Material provided:

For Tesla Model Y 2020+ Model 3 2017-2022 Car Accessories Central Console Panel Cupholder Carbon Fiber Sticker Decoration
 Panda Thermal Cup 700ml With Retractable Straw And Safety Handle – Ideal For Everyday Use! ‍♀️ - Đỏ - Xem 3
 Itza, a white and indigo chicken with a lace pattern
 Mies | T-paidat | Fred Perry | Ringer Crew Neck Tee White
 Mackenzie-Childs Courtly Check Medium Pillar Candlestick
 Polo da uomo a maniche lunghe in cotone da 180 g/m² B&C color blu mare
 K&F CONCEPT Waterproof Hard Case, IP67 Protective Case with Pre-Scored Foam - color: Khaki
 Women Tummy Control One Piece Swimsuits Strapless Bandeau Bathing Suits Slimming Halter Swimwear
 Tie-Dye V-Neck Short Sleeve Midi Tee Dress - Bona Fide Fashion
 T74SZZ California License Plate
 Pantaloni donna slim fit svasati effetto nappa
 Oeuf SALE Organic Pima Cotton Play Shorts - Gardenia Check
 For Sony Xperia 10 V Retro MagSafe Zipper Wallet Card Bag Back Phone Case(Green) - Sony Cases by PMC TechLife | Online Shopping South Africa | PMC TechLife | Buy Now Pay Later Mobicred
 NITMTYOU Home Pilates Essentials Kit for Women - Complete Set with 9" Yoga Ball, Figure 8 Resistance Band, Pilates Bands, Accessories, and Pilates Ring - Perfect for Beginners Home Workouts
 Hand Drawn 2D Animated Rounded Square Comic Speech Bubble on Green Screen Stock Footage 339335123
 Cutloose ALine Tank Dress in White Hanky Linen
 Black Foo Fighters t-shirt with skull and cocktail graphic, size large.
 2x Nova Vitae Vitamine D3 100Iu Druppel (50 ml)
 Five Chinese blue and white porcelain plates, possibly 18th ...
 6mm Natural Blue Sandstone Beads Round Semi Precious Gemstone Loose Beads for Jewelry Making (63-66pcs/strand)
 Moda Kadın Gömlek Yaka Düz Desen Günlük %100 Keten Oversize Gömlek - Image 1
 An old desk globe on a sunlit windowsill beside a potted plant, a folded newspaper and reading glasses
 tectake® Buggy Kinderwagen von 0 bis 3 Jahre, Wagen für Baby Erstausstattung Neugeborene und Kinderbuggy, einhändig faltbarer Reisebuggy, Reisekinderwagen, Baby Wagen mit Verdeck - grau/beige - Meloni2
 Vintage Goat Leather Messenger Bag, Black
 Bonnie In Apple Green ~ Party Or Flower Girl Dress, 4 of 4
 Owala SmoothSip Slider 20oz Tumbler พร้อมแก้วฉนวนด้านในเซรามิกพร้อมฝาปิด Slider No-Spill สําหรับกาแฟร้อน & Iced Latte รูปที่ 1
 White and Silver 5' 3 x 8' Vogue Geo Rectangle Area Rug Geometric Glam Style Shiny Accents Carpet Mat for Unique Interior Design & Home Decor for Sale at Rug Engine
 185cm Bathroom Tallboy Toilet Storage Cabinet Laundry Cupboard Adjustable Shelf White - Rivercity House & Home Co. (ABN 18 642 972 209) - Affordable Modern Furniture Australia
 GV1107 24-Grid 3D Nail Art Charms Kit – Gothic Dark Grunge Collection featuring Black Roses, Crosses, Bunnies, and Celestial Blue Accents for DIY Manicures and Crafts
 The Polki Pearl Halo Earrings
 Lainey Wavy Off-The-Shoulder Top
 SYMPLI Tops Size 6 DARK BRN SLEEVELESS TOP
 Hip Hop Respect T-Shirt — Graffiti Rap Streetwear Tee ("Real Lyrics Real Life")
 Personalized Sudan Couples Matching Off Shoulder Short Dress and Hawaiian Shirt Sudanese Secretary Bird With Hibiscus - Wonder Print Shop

Work instructions: Print again the lines of the entries above that fall between the line holding "For Sony Xperia" and the line holding "An old desk", inclusive, exactly as they stand.

Answer to the problem:
 For Sony Xperia 10 V Retro MagSafe Zipper Wallet Card Bag Back Phone Case(Green) - Sony Cases by PMC TechLife | Online Shopping South Africa | PMC TechLife | Buy Now Pay Later Mobicred
 NITMTYOU Home Pilates Essentials Kit for Women - Complete Set with 9" Yoga Ball, Figure 8 Resistance Band, Pilates Bands, Accessories, and Pilates Ring - Perfect for Beginners Home Workouts
 Hand Drawn 2D Animated Rounded Square Comic Speech Bubble on Green Screen Stock Footage 339335123
 Cutloose ALine Tank Dress in White Hanky Linen
 Black Foo Fighters t-shirt with skull and cocktail graphic, size large.
 2x Nova Vitae Vitamine D3 100Iu Druppel (50 ml)
 Five Chinese blue and white porcelain plates, possibly 18th ...
 6mm Natural Blue Sandstone Beads Round Semi Precious Gemstone Loose Beads for Jewelry Making (63-66pcs/strand)
 Moda Kadın Gömlek Yaka Düz Desen Günlük %100 Keten Oversize Gömlek - Image 1
 An old desk globe on a sunlit windowsill beside a potted plant, a folded newspaper and reading glasses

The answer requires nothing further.